E in che cosa, se non in questa sincerità e convenzionalità aventi ineluttabili ragioni storiche, va cercata la spiegazione di quel fatto che notava lo Hanslick, che nulla è più cedevole al tempo e alla moda (cioè alle mutevoli condizioni del superficiale sentimento popolare) delle forme della musica teatrale? I nostri nonni hanno infatti pianto alle settecentesche smanie della Vestale colpevole di Spontini, come i nostri bravi loggioni moderni palpitano e fremono all'eroismo da sartine e da commessi viaggiatori della Bohème o si commuovono all'apoteosi da giornale illustrato della mousmè Iris, cortigiana abortita per ignoranza. E, parimente, i nostri padri vibrarono dinanzi alle victorughiane idealizzazioni del buffone di corte Rigoletto, come i loro rispettivi bisnonni erano andati in solluchero alle graziette lascive e seducenti della Serva che non contenta del possesso carnale d'un vecchio padrone di provincia, ne vuol sancito il dominio con un bel matrimonio. Come si vede il fenomeno è vecchio e a forza di nonni e di bisnonni si potrebbe senza fatica risalire, seguendone le traccie, a Plauto e chissà quanto più su.
III.
Ciò che simboleggia Pietro Mascagni nell'opera moderna italiana.

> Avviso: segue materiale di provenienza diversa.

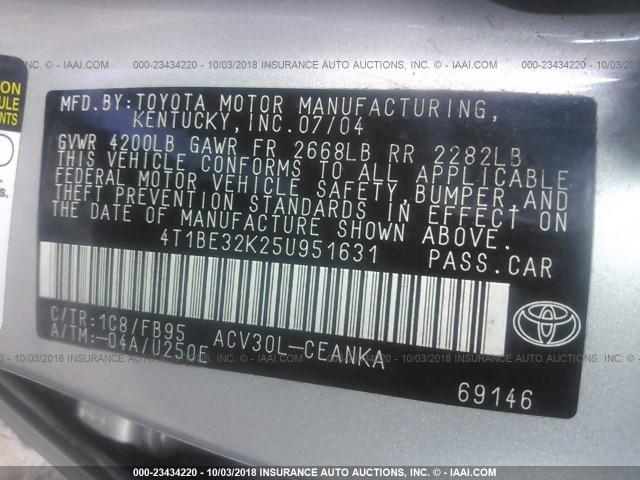 4T1BE32K25U951631 - 2005 TOYOTA CAMRY LE/XLE/SE SILVER photo 9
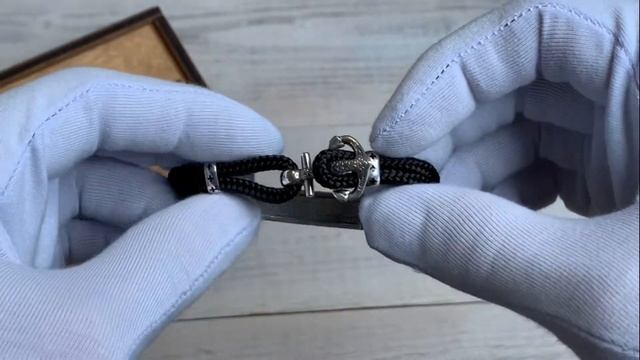 Браслет. Молитвы «Спаси и сохрани» и «Отче наш» с черной эмалью смотреть онлайн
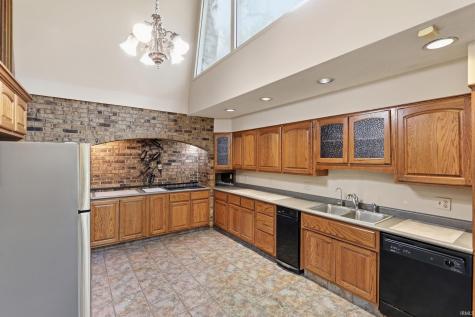 2210 Springmill Road Fort Wayne IN 46845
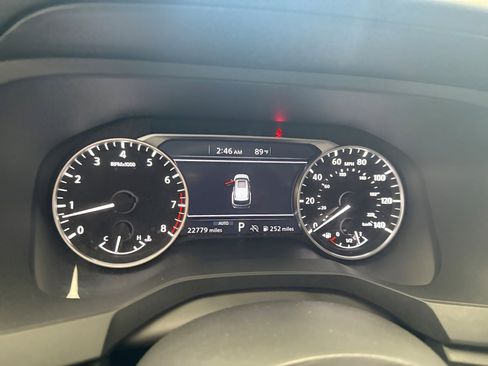 Used 2023 Nissan Pathfinder S AWD/4WD image 9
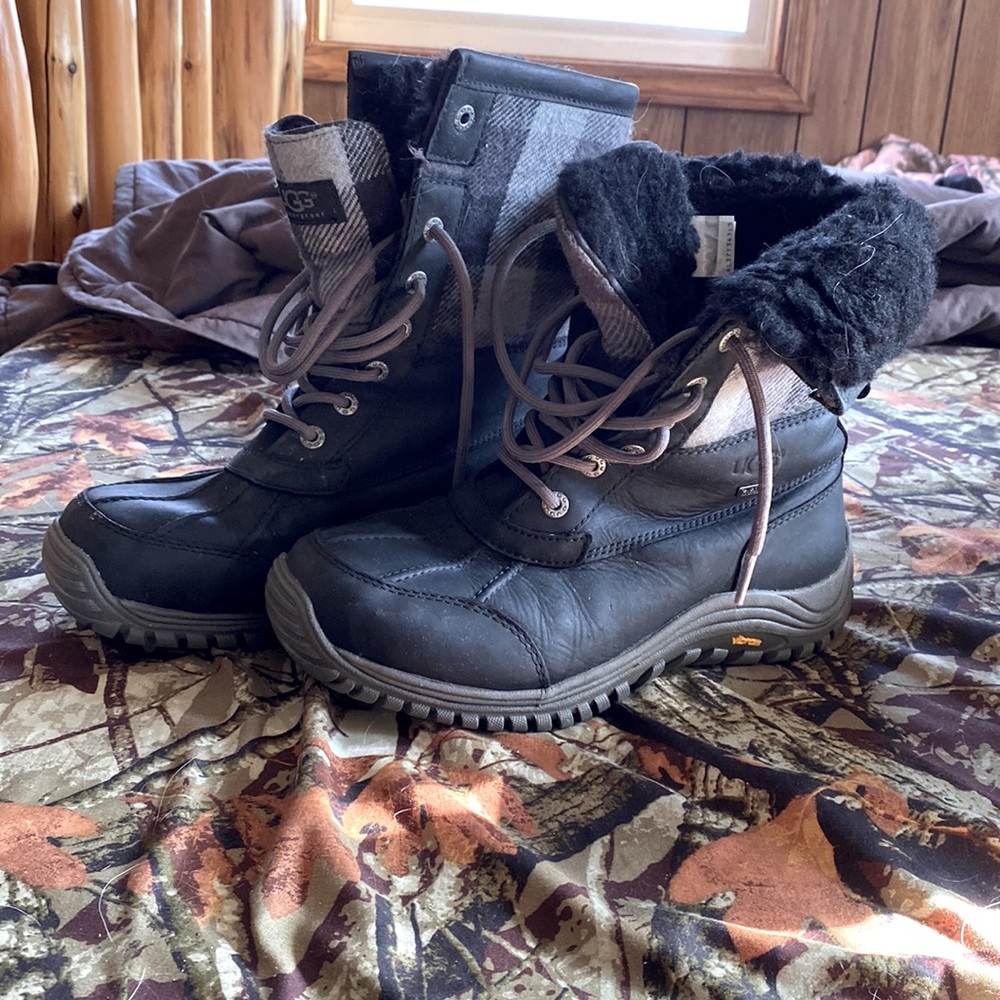 UGG woman’s winter boots, hardly worn, 2018 style.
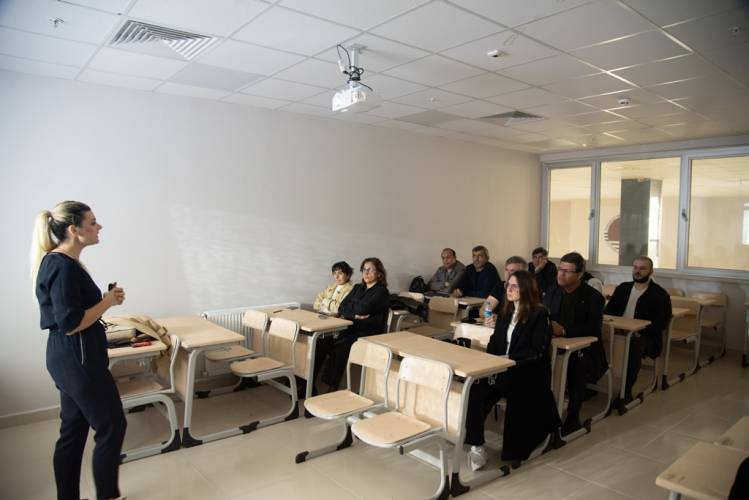 OMÜ’de akademik ve idari personele uygulamalı ilk yardım eğitimi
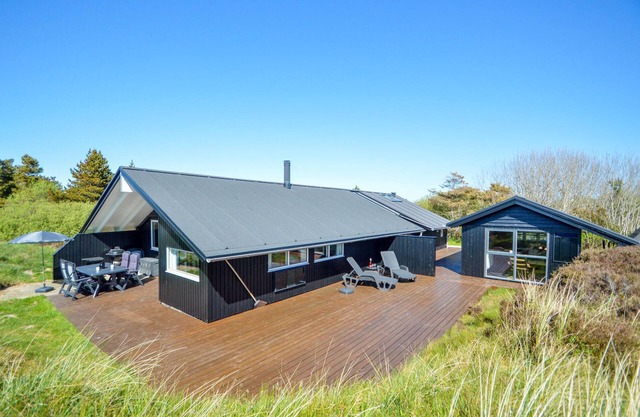 4 bedroom pet friendly home in Rømø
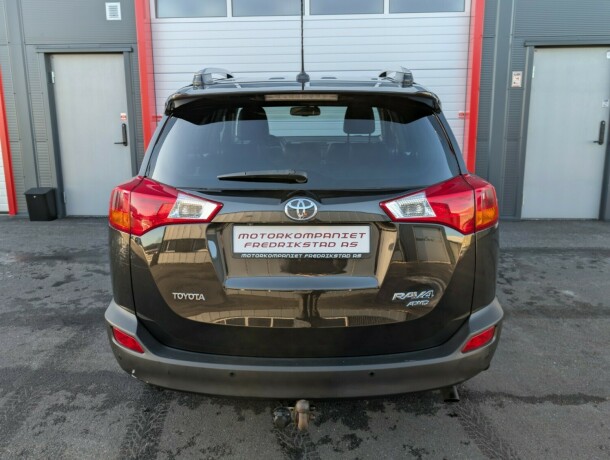 toyota-rav4-bensin-2015-big-10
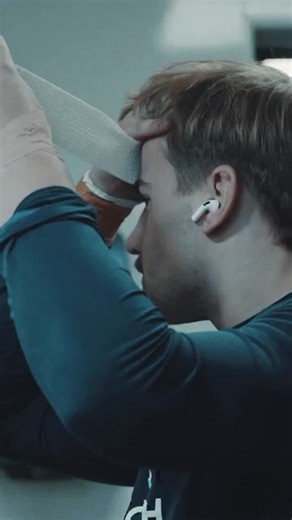 Edinburgh Rugby on Instagram: "Cheat code. 🎮 The most jackal turnovers per minute in world rugby. @douglas_freddy_1 ,representing @Scotlandteam A this Friday night. 🏴󠁧󠁢󠁳󠁣󠁴󠁿"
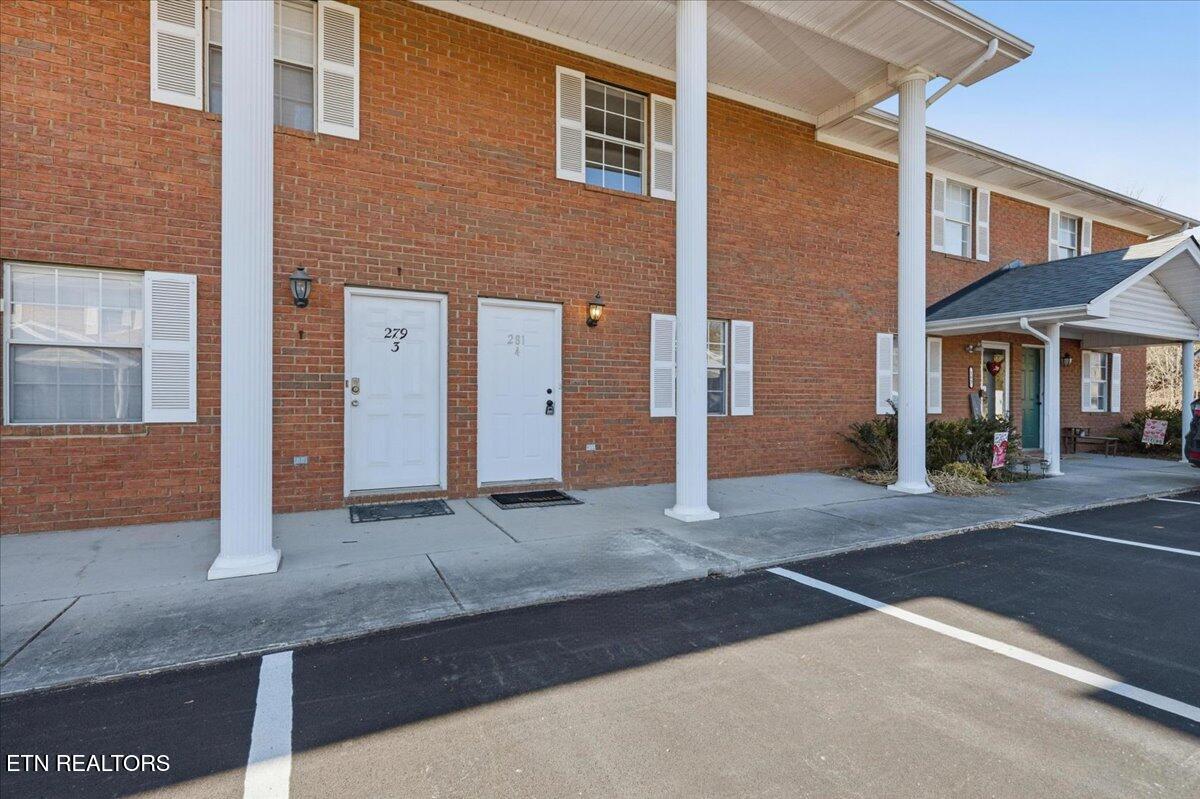 281 Main Street Maynardville, TN 37807 - Photo 1 of 26 02-002_7K9A3363_autoremove_13565066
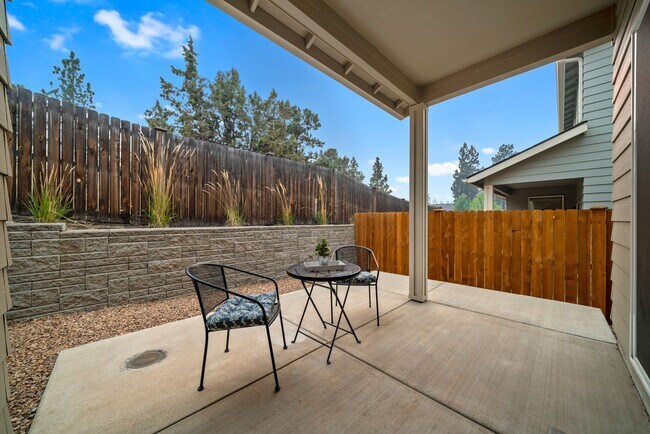 Building Photo - 3 Bedroom Townhome In Midtown with Fireplace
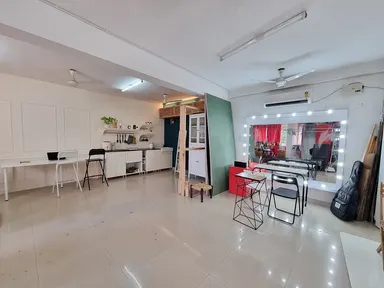 Centrally Located studio with a Kitchen set up image 7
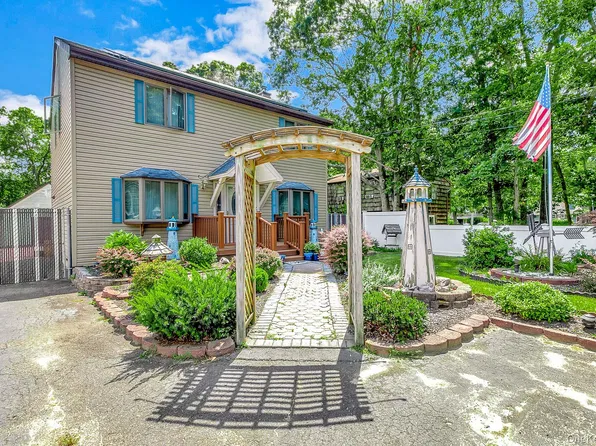 17 Victory Avenue, Shirley, NY 11967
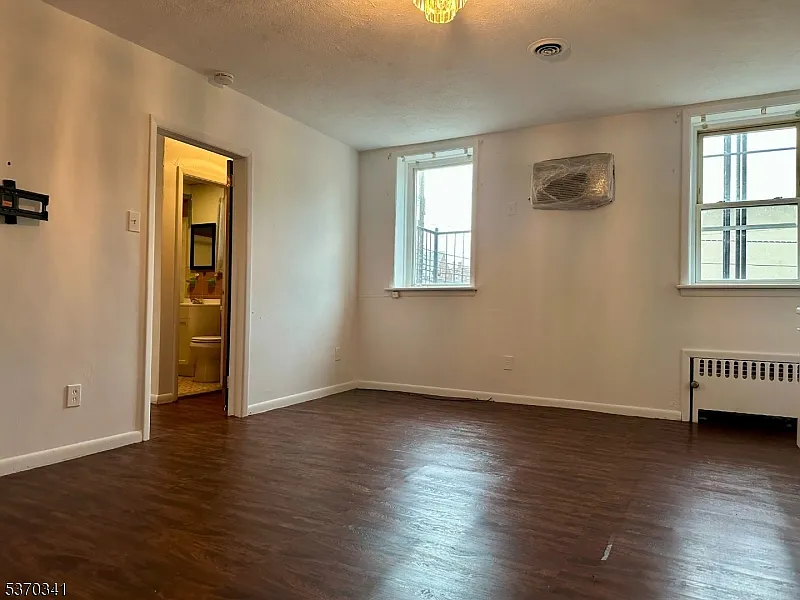 1 bed, 1.0 bath, $1,795 — Photo 3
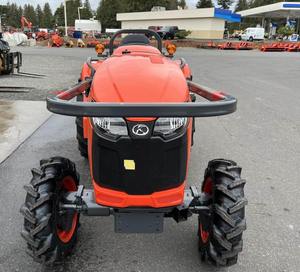 Tractor 2025 Kubota L4802DTN-Ancho estrecho. Energía de utilidad completa. - Product Image 1
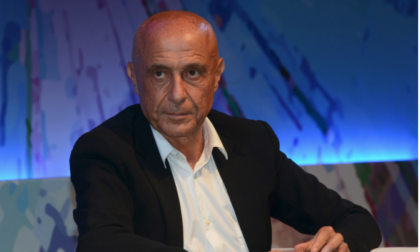 FUGA DALLA POLITICA: ANCHE MINNITI LASCIA IL PARLAMENTO FUGA DALLA POLITICA: ANCHE MINNITI LASCIA IL PARLAMENTO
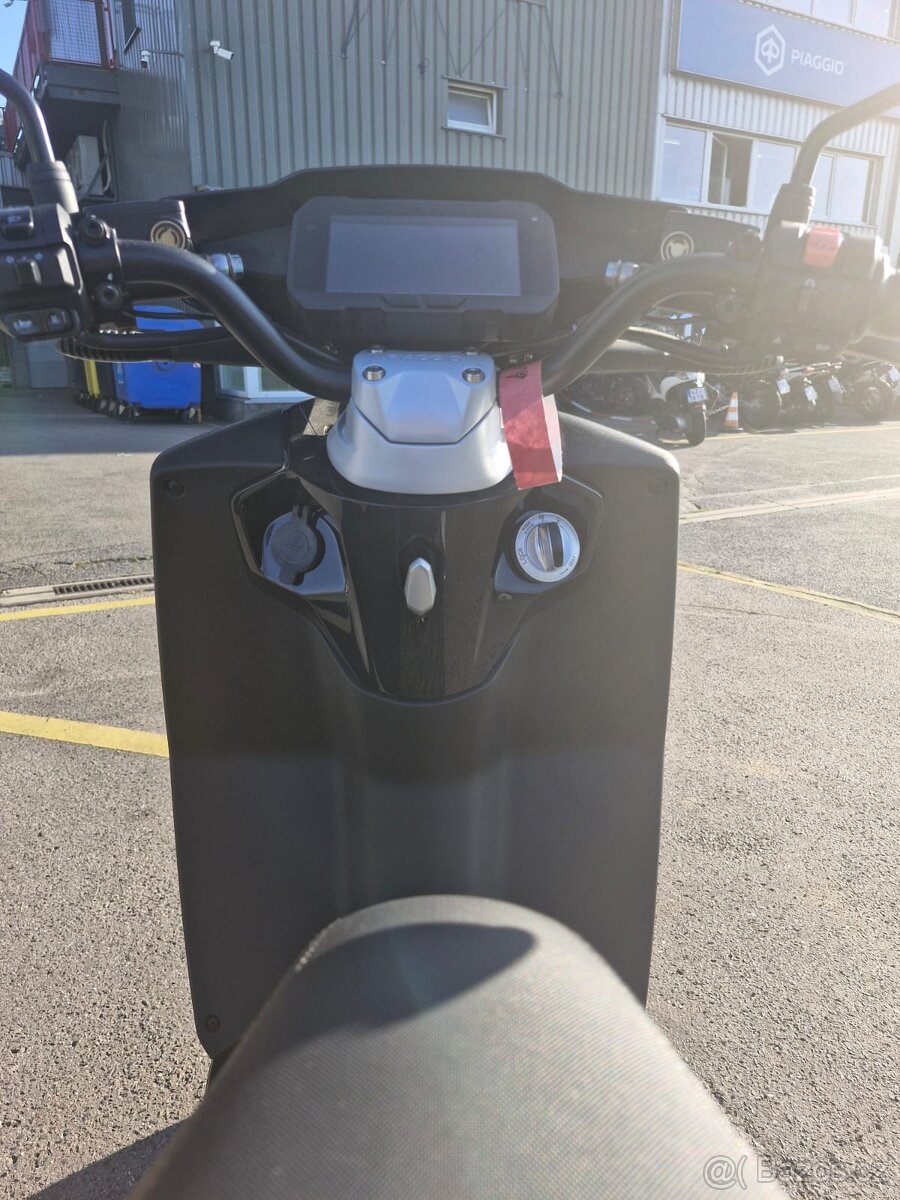 PIAGGIO 1 L3 E5 - předváděcí motocykl - 13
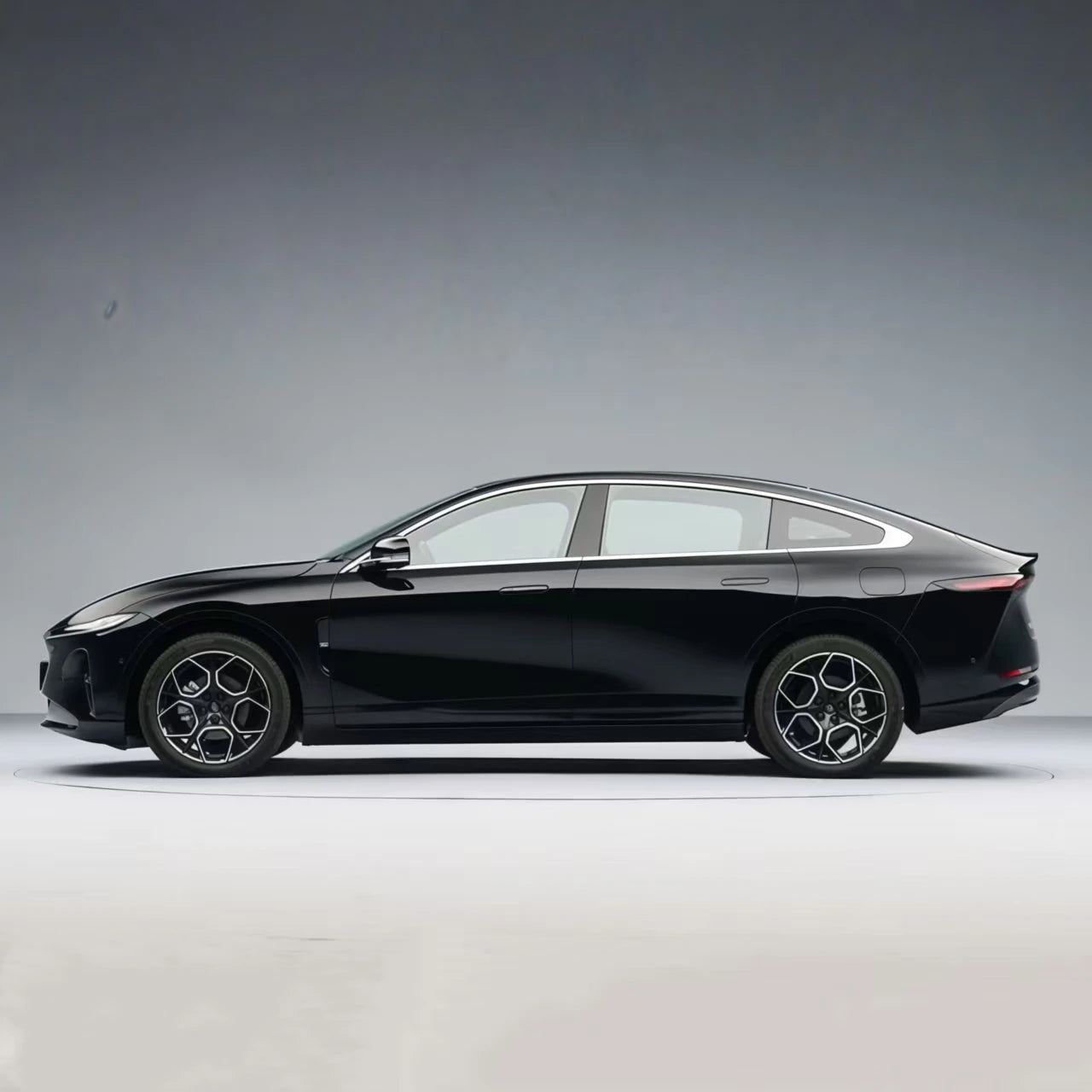 2025 Qiyuan A07 New Energy Car China 1200km Range 5 Seats 172Km/h Speed R19 Tire Size Pure Electric Lithium Iron Phosphate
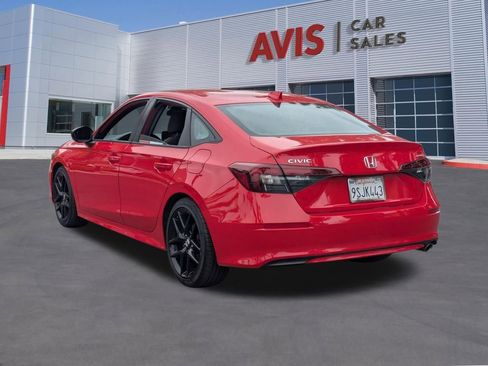 Used 2025 Honda Civic Sport image 9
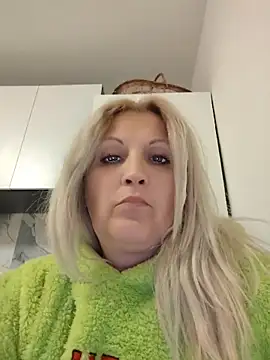 Snapshot of Divineblond chatting on 05.05.26 Divineblond online show from 05.05.26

Pietro Mascagni, ho detto, è un discendente in linea retta degli operisti italiani. Al pari di loro, egli non mira che a destare i tumultuosi fremiti salienti dalle platee, ruinanti come uragano dai loggioni, con delle scene che afferrino l'attenzione del pubblico alla prima audizione, con dei finali coronati di quelle folgori degli ottoni, senza delle quali il volgo non crede all'esistenza del miracolo.